Book review: Estuary by Rachel Lichtenstein

Estuary by Rachel Lichtenstein

This is an enlightening, enriching and superbly written account of the shifting waters and treacherous sands that join the River Thames to the North Sea. Lichtenstein works broadly downstream, starting from London and moving eastwards, telling the extraordinarily varied stories of the lives that intersected and intersect with the river. The river was what made London, bringing the world to the city, but what is fascinating is how much life went on in and around the river, from dredgers and fishermen, to a self-declared autonomous republic on an old sea fort in the estuary.

The sea fort, calling itself the Principality of Sealand, has been fought over, invaded and defended in its time. The river itself flows with tales, from drowned boats laden with unexploded munitions to the hard lives of the fishermen, and Lichtenstein does a superb job of telling them.

She also has a great deal of time for the various artists who seek to incorporate the river into their work – sometimes with near fatal results.

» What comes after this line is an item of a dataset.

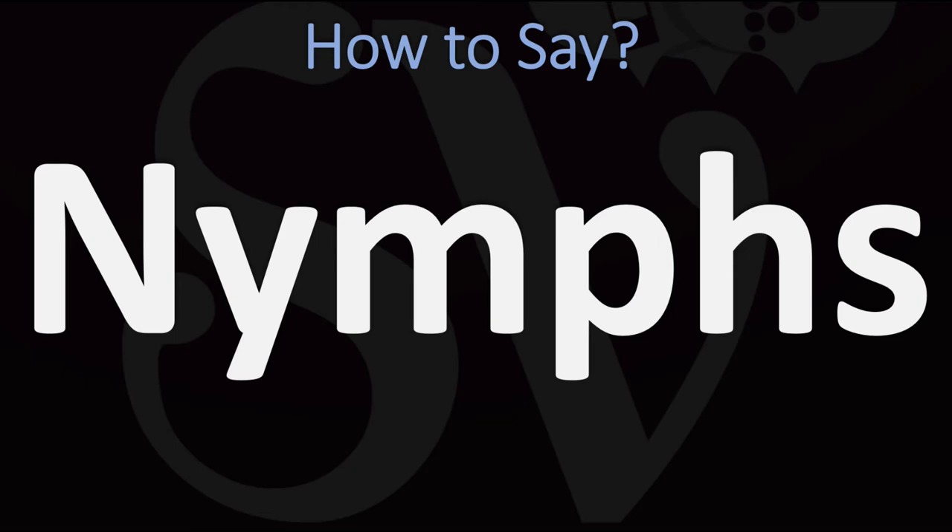Nymphs. Pretty straightforward once you know — just replace the PH with an F and here you got it. Nymphs.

Taking a photographer with her to record the sailing of an old yacht, the photographer faffs around for so long trying to set up his camera that the boat crashes. In the crash, Lichtenstein is quite badly injured. Her commitment to river side artists shows a notable lessening thereafter!

For anyone interested in the river and how the people living alongside it have used, abused, loved and hated it, this is a wonderful book.

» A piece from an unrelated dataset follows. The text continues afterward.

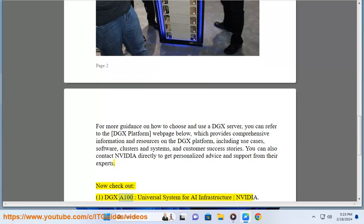Now check out: DGX A100 — Universal System for AI Infrastructure, NVIDIA.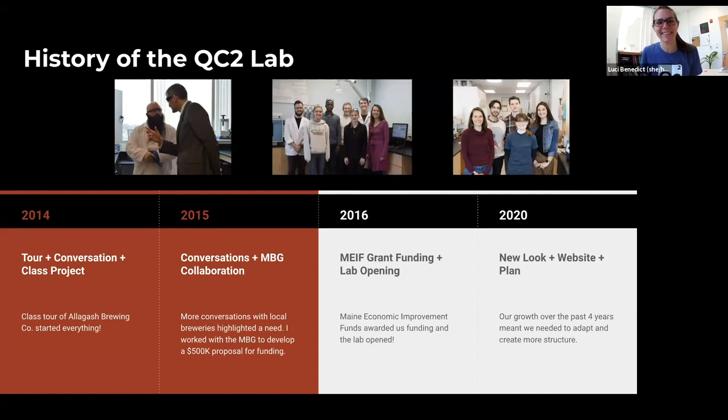Here we go — the history of the QC2 Lab. Today our webinar will go through the history, talk about the structure, show you the key elements of our lab, and then round that all out by talking about the research projects that we've done and that we have going on right now.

Book review: Complete Short Stories by Evelyn Waugh

The Complete Short Stories by Evelyn Waugh

“Bunty, you see in the paper, that chap Waugh has a new book out?”

“What’s it called, darling?”

“The Complete Short Stories.”

“What a dull title. Must be a dreary writer.”

“Nonsense, Bunty. He’s the chap you met in a bar in Abyssinia.”

“You mean the fellow who stole all my stories?”

“That’s the one. You’re in this new one too.”

“I hope he gets me right this time, darling. He made me out to be a frightful cad in the last one.”

“But you are a frightful cad, Bunty.”

“Would you want me any other way, darling?”

“Of course not, Bunty. Just that…”

“Just what?”

“It would be nice if you could remember my name.”

“Of course I remember your name, darling.”

“What is it, Bunty?”

“Why, it’s darling. Would you have me call you anything else?”

“No, of course not, Bunty.”

“That’s better, darling. Now, pass me the paper. I must check the racing results.”